In order to decide whether the bonds are covalent, polar covalent, ionic or hydrogen, we need to look at the types of elements seen and the electronegativity values. We look at the elements and see hydrogen, nitrogen, and oxygen—no metals. This rules out ionic bonding as a type of bond seen in the compound. Then, we would look at electronegativity values for nitrogen and oxygen. Oftentimes, this information can be found on a periodic table, in a book index, or an educational online resource. The electronegativity value for oxygen is 3.5 and the electronegativity value for nitrogen is 3.0. The way to determine the bond type is by taking the difference between the two numbers (subtraction). 3.5 – 3.0 = 0.5, so we can determine that the bond between nitrogen and oxygen is a covalent bond. We can also determine, from past knowledge, that the bond between oxygen and hydrogen is a hydrogen bond as it was in water.

Now, we need to count the electrons and draw the diagram for HNO₃. For more help counting electrons, please see the page onElectron Configuration. For more help drawing the Lewis structures, please see the page on Lewis Structures. This process combines both of these in order to determine the structure and shape of a molecule of the compound.

First, we determine that N follows the octet rule, so it needs eight surrounding electrons. This is important to keep in mind as we move forward. Next we count up how many valence electrons the compound has as a whole. H gives us 1, N gives us 5, and each O gives us 6. We can discern this from looking at the tops of the columns in the periodic table (see above). We then add these numbers together (3 x 6 = 18, + 1 = 19, + 5 = 24), and we get 24 electrons that we need to distribute throughout the molecule. First, we need to draw the molecule to see how many initial bonds we’ll be putting in. Our preliminary structure looks like this:

Now, we can count how many electrons we have used by counting 2 electrons for each bond placed. We see that we have placed 4 bonds, so we have used 8 electrons. 24 – 8 = 16 electrons that we need to distribute. In order to correctly place the rest of the electrons, we need to determine how many electrons each atom needs to be stable.
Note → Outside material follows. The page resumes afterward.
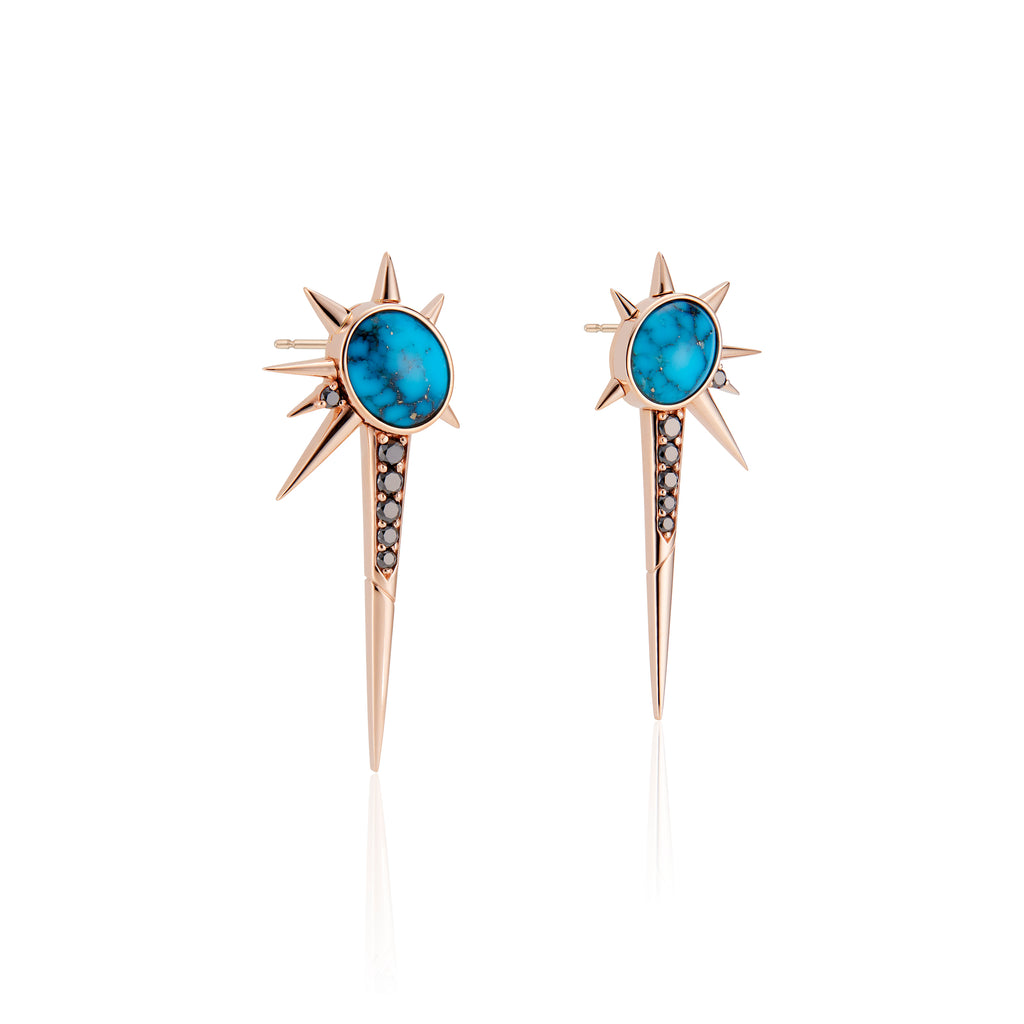 Turquoise and black diamond drop earrings with long spikes , women's long turquoise earrings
The central atom, N, has three bonds attached (equivalent of 6 electrons) so it needs 2 more electrons to be stable. The O to the right has one bond (two electrons) so it needs 6 more to be stable. The O above the N has one bond (two electrons) so it also needs 6 electrons to be stable. The O to the left of the N is bonded both to N and to H, so it has two bonds (4 electrons); therefore, it needs 4 more electrons to be stable. We add up the total amount of electrons needed, 2 + 6 + 6 + 4 = 18, and see that we need 18 electrons to stabilize the compound. We know this is not possible, since we only have 16 available electrons. When this happens, we need to insert a double bond in order to resolve the problem of lack of electrons. This is because, although we count each bond as 2 electrons, the elements joined together in the bond are actually sharing the electrons. Therefore, when we count out the bonds, we are counting some electrons twice because they are shared. This is normal and expected, and resolves not having enough valence electrons. Now, we need to decide where to put the double bond in this compound. We know that the double bond cannot go between O and H, because H does not have enough room to accept another electron. Therefore, we know we must place the bond between N and O. You might be thinking, how do I decide where to put the bond? In this particular example, we can place the bond either between the top O and N, or the right O and N. This is because HNO₃ displays resonance.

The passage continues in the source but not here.